Fault code description
The last two characters in the DTC are actual fault description codes and can range from 0 to 99. Some fault code descriptions are also three numbers. From the fault description manual, you can pinpoint the specific problem. From the P0430 example, 30 shows that the catalyst system efficiency is below the threshold. When you understand the DTC meaning, you can check for problems like exhaust leaks that contribute to the signal.
How to interpret DTC meaning in J1939?
The J1939 DTC has four characters indicating faults in heavy-duty vehicles. The first letter is the Suspect Parameter Number (SPN) which indicates the error in the vehicle. The Failure Mode Identifier shows the nature and type of error, from calibration errors to sensor short circuits and incorrect update rates. The Occurrence Counter records the SPN and stores information on the error even when the error is inactive.
How to extract DTC fault codes?
If you want to read diagnostic trouble codes, you need a DTC scanner and a diagnostic connector. Some DTC readers show the character codes without descriptions, while others will interpret the codes. Diagnostic connectors found in your car differ depending on the vehicle model. If your car was made before 1996, you need specific adapters to connect with the connector. The latest models have a universal adapter and similar connectors.
When extracting a DTC code for interpretation, you start by plugging a scanner or code reader into the OBD-II diagnostic connector. You will find the connector under the dashboard left of the steering column. The scanner communicates with the electronic control unit when you turn on the ignition. Access the tool's menu and click the read codes option from your scan tool. The scanner will automatically detect the vehicle's model and year. If it doesn't, you have to enter the specifics manually. After revealing the car model, you can see the fault codes from the scanner. You can transfer the DTC codes to your computer or phone using Wi-Fi or Bluetooth options. The DTC codes provide insights into the possible vehicle problem. If you don't know how to read the codes, consult a mechanic before diagnosing and fixing the malfunction.
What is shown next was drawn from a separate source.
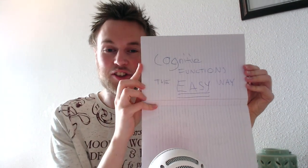Hey everyone! The name is Eriktor and today we're going to talk about cognitive functions the easy way. The truth is we've been learning about this all wrong. A lot of the information floating around on the internet is wildly inaccurate and some of the things that we hear are not as you have been told.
When buying DTC scanners for reading fault codes, you can choose from handheld or wireless options. Handheld EOBD scanners come with a cable to plug into the car's connector and a screen for displaying the codes. Wireless scanners plug into the port, but you can read the code from your smartphone through Wi-Fi or Bluetooth connectivity. You should get an EOBD-II scanner that displays both the code and the meaning to avoid referring to the car manual every time you check for faults.
Clearing DTC codes
If you want to clear DTC fault codes from the car, you need to fix the malfunction, and the code will disappear. The check engine light will not stop displaying until you fix the problem. In previous versions of OBD, a driver could clear the DTC fault codes and prevent the car from displaying warnings. To remove the DTC in previous OBD models, drivers disconnected the battery or power source, clearing the computer's temporary memory. The check engine warning light would turn off, and you could continue with your journey without fixing the issue.
The latest OBD-II versions store the DTCs generated in non-volatile memory. Even if you disconnect the power source, the fault codes are intact until you fix the problem or clear them using a scanner. Clearing your DTCs by disconnecting the battery can lead to electronic radio reset and climate control system loss. You can also lose the engine's learned memory, which is difficult to recover. The engine's computer system usually contains adjustments made over time to compensate for engine wear and your driving habits.
Understanding the DTC meaning is important since the code won't specify the source of the problem. If you can interpret the fault codes, you can make the correct diagnosis, find replacements or do the necessary repairs.